Hunter Syndrome Flashcards
A 4-year-old boy is brought to the clinic due to behavioral changes and developmental delay. The parents note that he has been more hyperactive recently and seems to have difficulty learning new skills. On examination, the child has coarse facial features, hepatosplenomegaly, joint contractures, and a hoarse voice. His vision appears intact, with no evidence of corneal clouding. Genetic testing confirms an X-linked inheritance pattern. Which of the following is the most likely diagnosis?
A) Hurler Syndrome
B) Hunter Syndrome
C) Fabry Disease
D) Niemann-Pick Disease
E) Tay-Sachs Disease
Answer: Hunter Syndrome
Explanation: Hunter Syndrome (Mucopolysaccharidosis type II) is an X-linked recessive lysosomal storage disorder caused by a deficiency of iduronate-2-sulfatase, leading to the accumulation of dermatan sulfate and heparan sulfate. Clinical features include coarse facial features, hepatosplenomegaly, joint contractures, and developmental delay. Unlike Hurler Syndrome, Hunter Syndrome does not cause corneal clouding, and the inheritance pattern is X-linked.
Incorrect Answers:
A) Hurler Syndrome presents similarly but is autosomal recessive and includes corneal clouding.
C) Fabry disease causes neuropathic pain, angiokeratomas, and renal or cardiac involvement but does not involve coarse facial features or hepatosplenomegaly.
D) Niemann-Pick disease presents with hepatosplenomegaly and neurodegeneration but lacks coarse facial features and skeletal abnormalities.
E) Tay-Sachs disease presents with neurodegeneration and a cherry-red macula but no hepatosplenomegaly or coarse features.
What is Hunter Syndrome?
Hunter Syndrome is a rare genetic disorder caused by the deficiency of the enzyme iduronate-2-sulfatase.
True or False: Hunter Syndrome affects both males and females equally.
False, it primarily affects males.
What type of inheritance pattern does Hunter Syndrome follow?
X-linked recessive inheritance pattern.
What is the primary cause of Hunter Syndrome?
The primary cause is a mutation in the IDS gene, leading to enzyme deficiency.
What is the role of iduronate-2-sulfatase in the body?
Iduronate-2-sulfatase helps break down glycosaminoglycans (GAGs) in the body.
Is Hunter Syndrome a form of mucopolysaccharidosis?
Yes, Hunter Syndrome is classified as mucopolysaccharidosis type II (MPS II).
True or False: Hunter Syndrome is inherited in an autosomal dominant manner.
False, Hunter Syndrome is inherited in an X-linked recessive manner.
At what age do symptoms of Hunter Syndrome typically begin to appear?
Symptoms usually appear between ages 2 and 4.

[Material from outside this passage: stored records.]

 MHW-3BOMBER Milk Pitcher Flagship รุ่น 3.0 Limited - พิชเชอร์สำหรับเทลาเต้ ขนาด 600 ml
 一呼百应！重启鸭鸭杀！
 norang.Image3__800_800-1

Fill in the blank: Children with Hunter Syndrome may have _____ facial features.
coarse
What are common symptoms of Hunter Syndrome?
Common symptoms include:
- Coarse facial features, “Gargoylism.”
- Skeletal abnormalities (Dysostosis multiplex)
- Short stature
- Developmental delays
- Hepatosplenomegaly
- Cardiac issues
Fill in the blank: Hunter Syndrome primarily affects _____ individuals.
male
Multiple choice: Which of the following is NOT a symptom of Hunter Syndrome? A) Hearing loss B) Hyperactivity C) Joint stiffness D) Cloudy corneas
B) Hyperactivity (ADHD)
True or False: Hunter Syndrome can be treated with enzyme replacement therapy.
True, enzyme replacement therapy is a treatment option for Hunter Syndrome.
What are potential complications of Hunter Syndrome?
Complications can include heart disease, airway obstruction, and cognitive impairment.
- obstructive sleep apnea can be evaluated with polysomnography.